Henkin is casually dressed—slim blue chinos, plaid cotton shirt—and the only thing that separates him from just making polite conversation with Aleksalza is the headphones, recording device, and small microphone that come from a tote bag connected to the station’s call signal.
“I wish this was on TV so you can see it,” says Aleksalza perched on her stoop and gesturing to her home, bought 45 years ago as part of the Dollar House program. That’s this episode’s question: Did the program work and could it be done again?
“It’s a podcast,” Henkin tells her. “We can paint a picture with words.”
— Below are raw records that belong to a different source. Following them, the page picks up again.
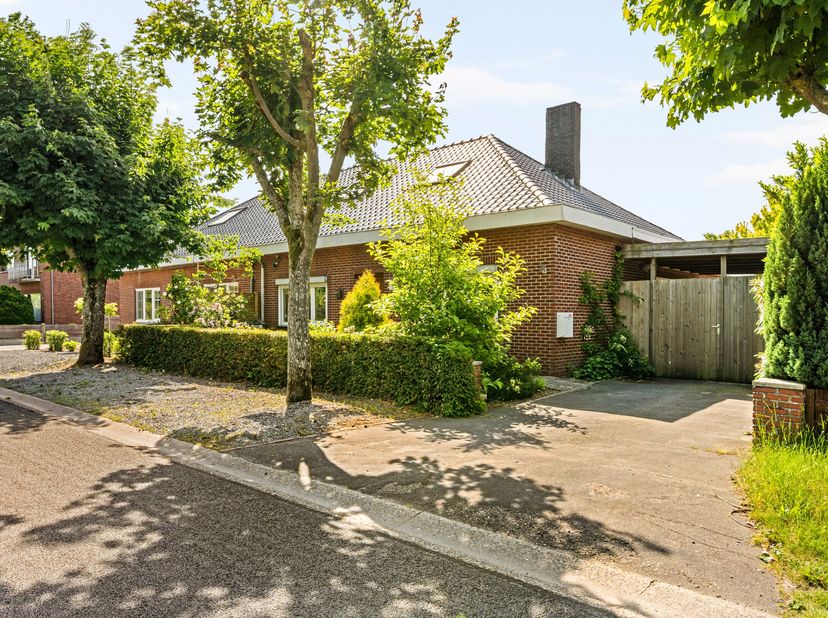 Ruime en verzorgde halfopen bebouwing met 3 slaapkamers, gelegen op een vlot bereikbare locatie. Deze woning biedt een aangename leefruimte met veel l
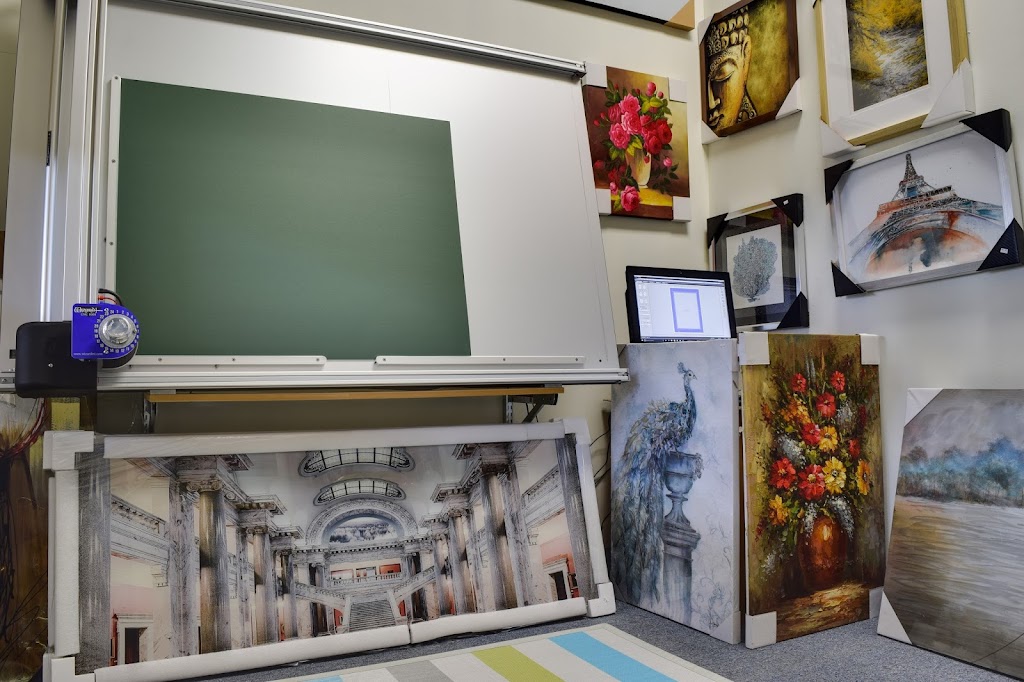 Supreme Picture Gallery | 7025 Tomken Rd unit #4, Mississauga, ON L5S 1R6, Canada | Phone: (905) 956-7400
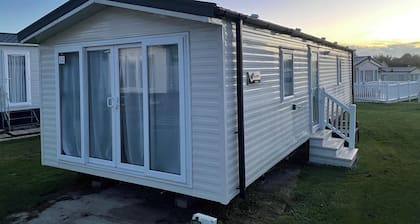 2-bed - Sleeps 4 - Free Parking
And that’s exactly what Henkin has done these past 20 years since first landing at WYPR’s predecessor station, WJHU, in part because his gift is also in his silence. He’s a world-class listener with the ability to draw answers out of his subjects that are honest and nuanced. When he’s done interviewing Aleksalza, one of a handful of sources for this particular piece, he asks for 30 seconds of quiet to record the city sounds around him: cars driving by, leaves rustling, the whizz of bicycle wheels.
Baltimore has always been a welcome guest. First, with The Signal, a show devoted to exploring Maryland’s thriving artistic and cultural scene, and then again, with Out of the Blocks, which earned Henkin the national Edward R. Murrow Award in 2018 for a podcast dedicated to exploring the lives of complete strangers and sharing their stories of one city block. That series ended this past summer after nine years.
“What I loved most about Out of the Blocks was it was an excuse to just wander around Baltimore and encounter people I never otherwise would have met,” says Henkin. “The most challenging thing was that every conversation I went into with someone was from scratch, and I had no idea what kind of narrative arc would come out of that story—or if there would even be one.”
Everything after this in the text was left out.